Es decir, extender rumores para conseguir que el compañero que esta por encima de ti pierda su puesto de trabajo no es culpa de la envidia. Porque esta misma envidia podría empujarte a aprender y superarte a ti mismo, con tal de alcanzar el ascenso deseado. Por lo tanto, la emoción en cuestión nos permite marcarnos unos objetivos y tiene un valor motivacional importante. Y si se maneja correctamente, si se emplea en dirección del crecimiento personal, podría resultar realmente beneficiosa.
EL ODIO
El odio quizá sea la emoción que mayor carga negativa arrastra. Es lo que motiva al villano a hacerle imposible la vida a la protagonista, llegando incluso a planificar su asesinato. Y todos sabemos cómo acaban los malvados: solos, rechazados o directamente muertos. Y, ¿por qué llegaron a este destino tan poco envidiable? Pues, por culpa del odio, según nos dan a entender. Sin embargo, las emociones no necesitan de nuestro consentimiento para aflorar y además se quedan el tiempo que desean.

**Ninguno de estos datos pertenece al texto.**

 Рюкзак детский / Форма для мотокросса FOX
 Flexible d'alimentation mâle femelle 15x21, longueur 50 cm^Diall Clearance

Podríamos decir que el odio es el sentimiento que aparece cuando alguien nos causa un daño grave. Probablemente la idea de llegar a experimentarlo te resulte poco creíble, pero piensa en que sentirías por el asesino de una persona importante para ti, por alguien que haya prendido fuego a tu casa o haya puesto tus amigos en tu contra. ¿A qué ahora te parece más razonable y justificado que aparezca? Todos estamos predispuestos a sentirlo y en algunas situaciones su aparición es más que lógica.
El odio es un sentimiento muy intenso y molesto, y normalmente preferimos referirnos a él con otros términos menos nocivos como desprecio o repulsión. Y es verdad que también implica esas respuestas, pero es algo bastante más complejo. Tal y como defendía Robert Sternberg, el odio implicaría cierto compromiso y también pasión, entendida como un miedo o ira intensos ante una amenaza. Además, supondría negación de la intimidad, dado que se busca poner distancia debido a la aversión que causa en la otra persona.
Normalmente, el odio se origina a partir de una reacción de ira y se ve fortalecido por la sed de venganza. Se suele asociar a hostilidad, debido a que nos motiva a luchar, a ¨eliminar¨ al enemigo, con tal de asegurar nuestra supervivencia. Por lo tanto, cumple una función adaptativa, puesto que nos impulsa a hacer desaparecer la amenaza. Ahora bien, podríamos anular el peligro mediante una serie de conductas agresivas o también podríamos alejarnos de él. La decisión es nuestra y se podría argumentar que nuestras emociones permiten que salga nuestra verdadera forma de ser, al menos en este caso.
Esperamos que esta primera parte sobre las emociones tóxicas os haya resultado interesante y haya aclarado algunas dudas acerca del origen y naturaleza de ambas emociones. A veces su manejo puede resultar realmente difícil y puede ser recomendable acudir a un profesional para lograr una regulación emocional más eficaz. Como os podéis imaginar, el tema da para mucho y por eso hemos decidido dividirlo en varios artículos que publicaremos en las próximas semanas para completar la serie que abordará este tema.